Quad's initial idea was about arming some number of adults in schools. BStrong's idea was to enlist the efforts of willing, perhaps retired, law enforcement officers. I can see this working, but the anti-gun rhetoric makes it difficult to concentrate.

I wonder if there's already a pool of teachers with CCP's who have enough vetting to join BStrong's LEOs?
The issue wasn't one of Passive Security failing, it was one of the passive security simply wasn't up to the job because it wasn't designed to do it. They did not have blast proof windows, automatically locking doors, a "no-man's land between the outer and inner levels of security. Simply putting locks on the doors and saying "job done" isn't enough. Look at what the Federal Govt did to its buildings after Oklahoma City, they didn't just slap on some fire resistant paint and say, she'll be right. With doors and windows designed to withstand a barrage for 2-3 minutes, he would never have reached the children and staff before the police arrived.

With putting armed people into the schools, first off you turn them into scary places. Secondly, you need to keep those people trained, thirdly, if there is an attack, it becomes a shootout and how many people get caught in the cross fire? You also put those people in danger, and should the attacker prove to be better at picking them off than they are at getting the shooter, then you hand a whole lot more guns to your killer.

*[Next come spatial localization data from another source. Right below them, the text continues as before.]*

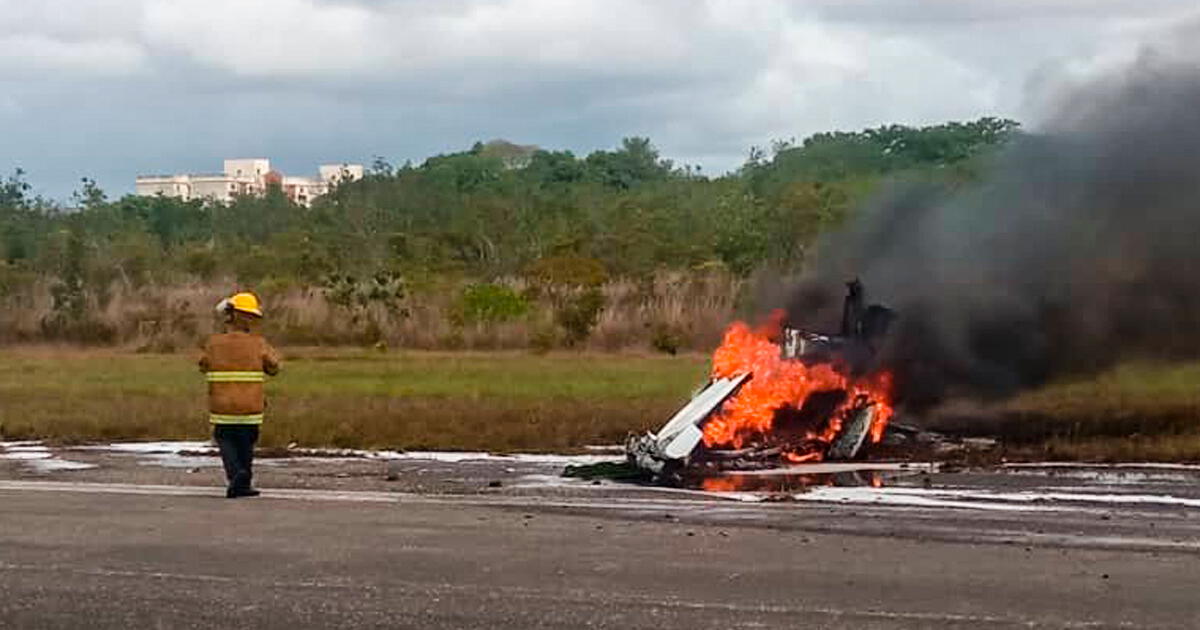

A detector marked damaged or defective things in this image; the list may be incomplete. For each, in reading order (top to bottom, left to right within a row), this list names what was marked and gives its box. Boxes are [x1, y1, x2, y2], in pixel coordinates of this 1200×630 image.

crashed small plane [632, 282, 896, 484]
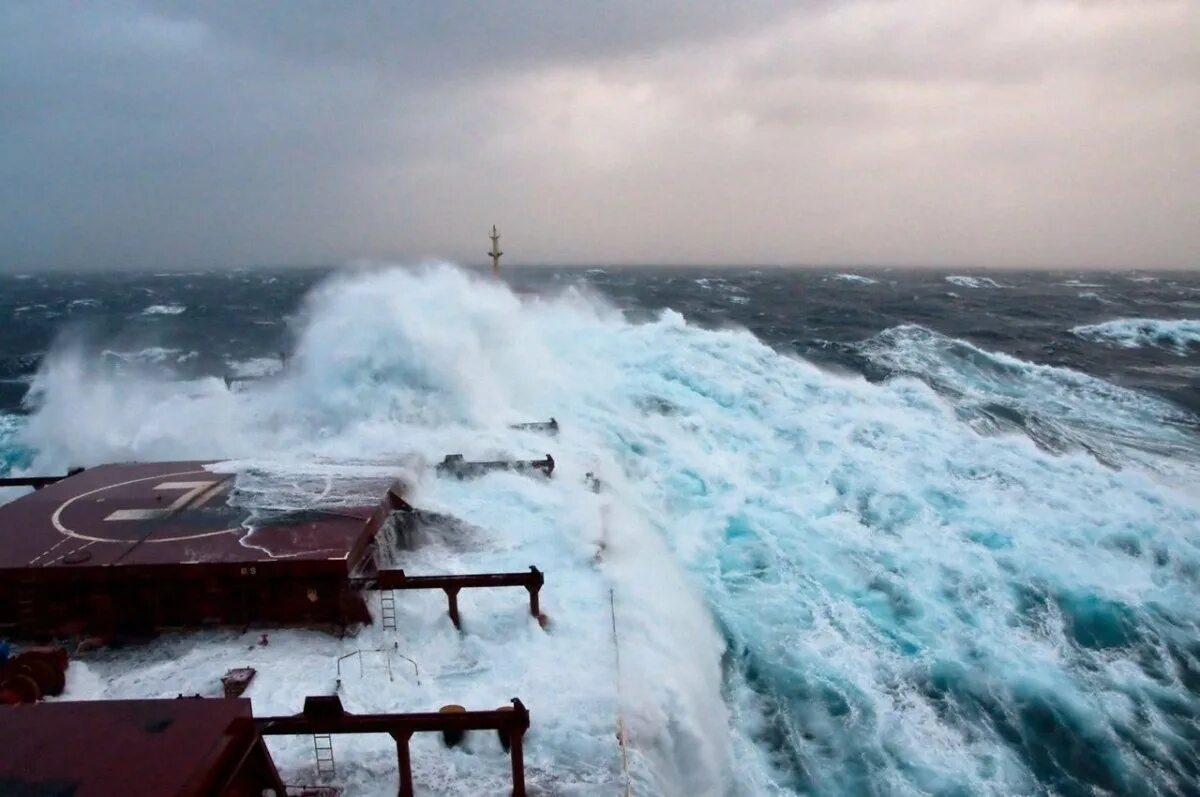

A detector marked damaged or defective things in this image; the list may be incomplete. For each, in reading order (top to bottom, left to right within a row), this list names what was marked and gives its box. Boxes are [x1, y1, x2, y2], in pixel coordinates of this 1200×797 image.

rusty metal surface [0, 700, 280, 792]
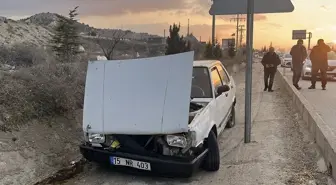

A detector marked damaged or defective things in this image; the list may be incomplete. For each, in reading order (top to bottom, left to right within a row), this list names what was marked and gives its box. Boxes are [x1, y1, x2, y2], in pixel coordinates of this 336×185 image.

damaged front bumper [80, 144, 209, 177]
damaged white car [80, 51, 236, 176]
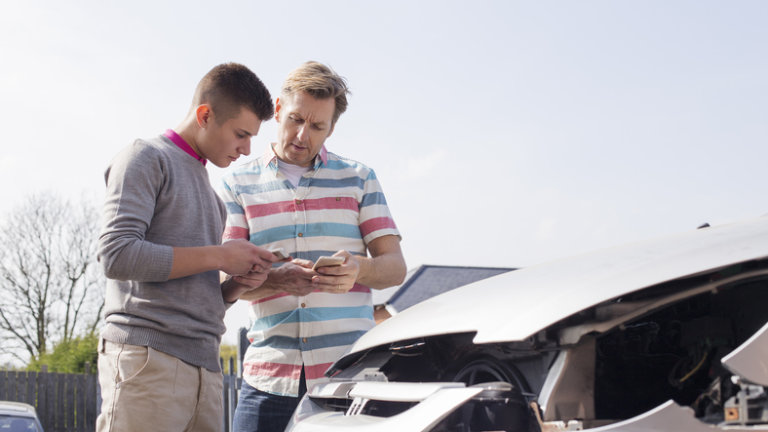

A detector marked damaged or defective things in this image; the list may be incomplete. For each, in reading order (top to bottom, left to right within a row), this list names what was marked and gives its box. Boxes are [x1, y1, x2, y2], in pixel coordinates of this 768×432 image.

damaged car front [284, 218, 768, 430]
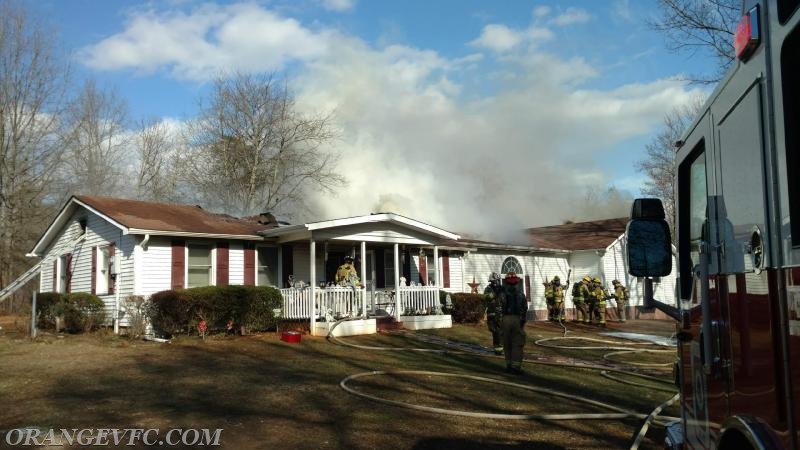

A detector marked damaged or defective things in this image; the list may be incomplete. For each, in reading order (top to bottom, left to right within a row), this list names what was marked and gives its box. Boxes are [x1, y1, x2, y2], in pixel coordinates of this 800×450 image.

damaged roof [524, 219, 632, 253]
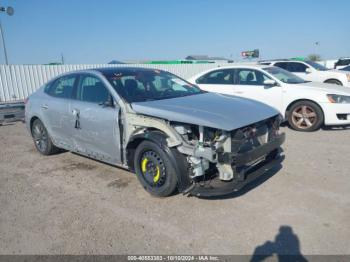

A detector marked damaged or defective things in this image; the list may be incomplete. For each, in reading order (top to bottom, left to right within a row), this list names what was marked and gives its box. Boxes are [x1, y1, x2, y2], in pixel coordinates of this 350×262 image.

damaged silver sedan [26, 67, 284, 196]
crumpled front end [176, 114, 286, 196]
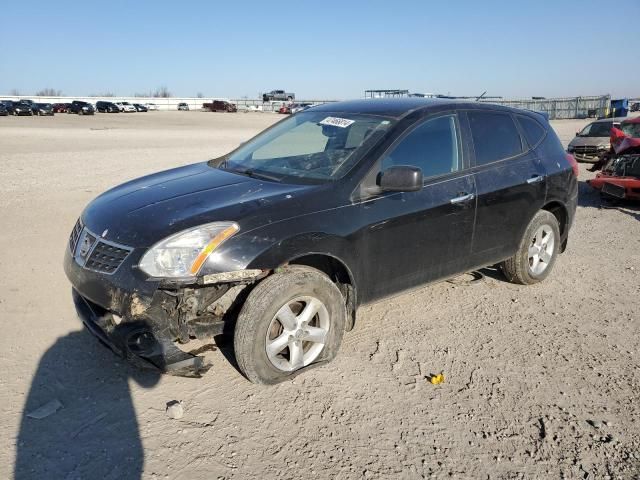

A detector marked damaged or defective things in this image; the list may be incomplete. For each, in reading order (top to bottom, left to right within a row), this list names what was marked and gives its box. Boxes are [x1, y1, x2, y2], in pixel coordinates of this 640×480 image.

broken bumper cover [72, 288, 212, 378]
damaged front bumper [63, 248, 264, 378]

Locate, Isolate, Contain. That is the way to do it. Use security cameras and outer perimmeter security guards to locate. Once a threat is identified and located and being monitored, isolate them from the potential victims, lock the place down with doors and windows they can't just shoot and kick their way through in a hurry. Finally, contain. Use the same security that isolates the potential victims from the shooter, to contain the shooter and prevent his easy passage until police arrive. No fuss, no mess, no shoot outs at the O.K. Elementary School.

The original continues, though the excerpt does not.